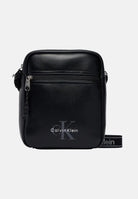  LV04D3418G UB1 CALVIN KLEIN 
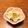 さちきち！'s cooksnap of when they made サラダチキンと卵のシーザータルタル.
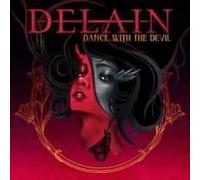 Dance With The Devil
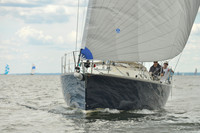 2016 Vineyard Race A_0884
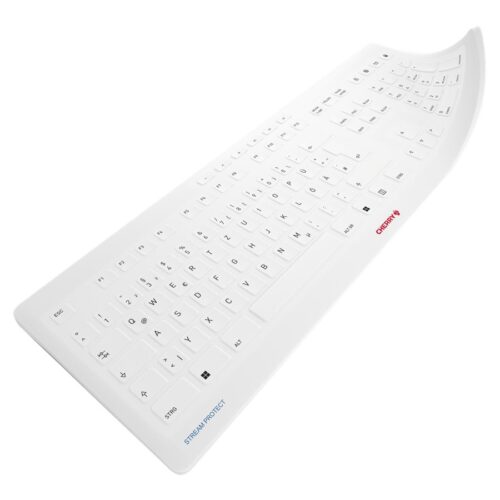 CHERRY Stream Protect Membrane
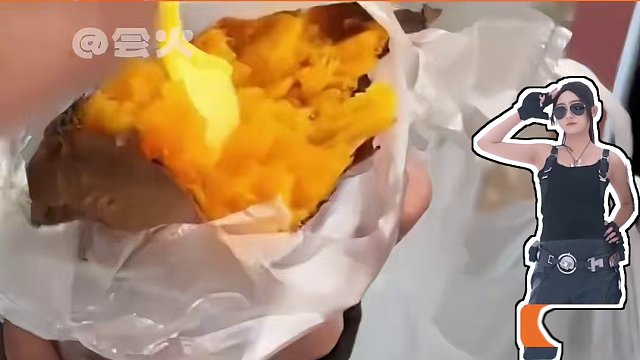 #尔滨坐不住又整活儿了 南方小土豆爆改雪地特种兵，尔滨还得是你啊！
+ + +
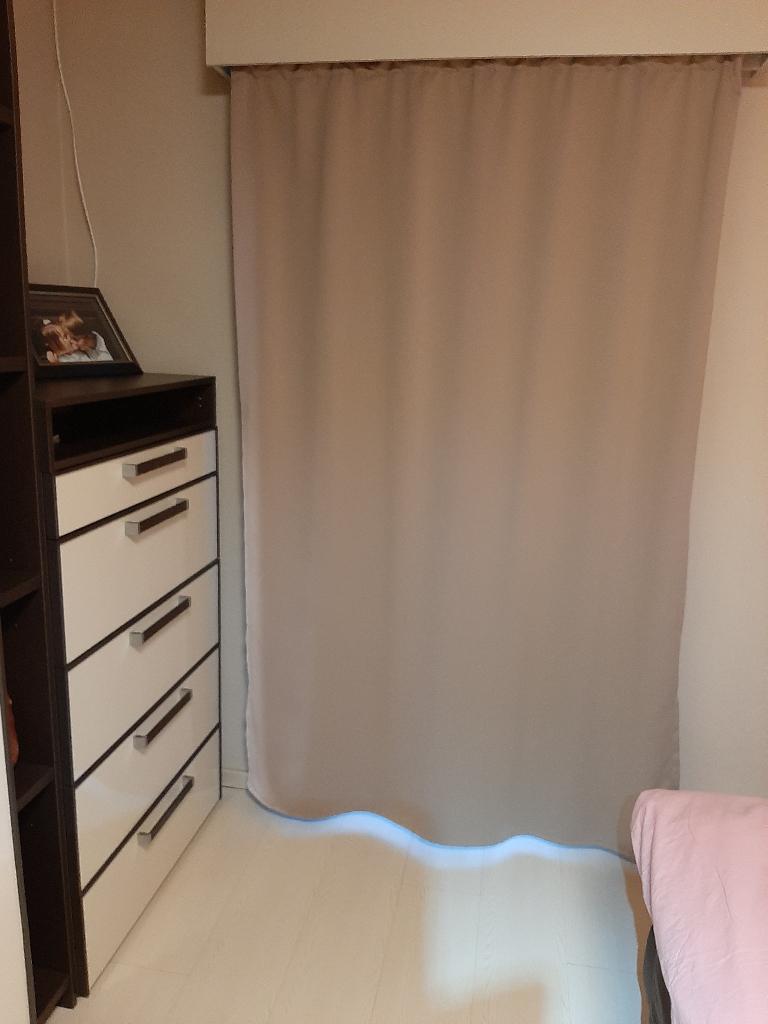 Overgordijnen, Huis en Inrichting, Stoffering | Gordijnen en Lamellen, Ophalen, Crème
+ + +
**Task objective**
Starting at the line that contains "LV04D3418G UB1 CALVIN KLEIN" and ending at the line that contains "#尔滨坐不住又整活儿了 南方小土豆爆改雪地特种兵，尔滨还得是你啊！", transcribe the material above exactly, excluding pictures.

**Result for this exercise**
  LV04D3418G UB1 CALVIN KLEIN 
 さちきち！'s cooksnap of when they made サラダチキンと卵のシーザータルタル.
 Dance With The Devil
 2016 Vineyard Race A_0884
 CHERRY Stream Protect Membrane
 #尔滨坐不住又整活儿了 南方小土豆爆改雪地特种兵，尔滨还得是你啊！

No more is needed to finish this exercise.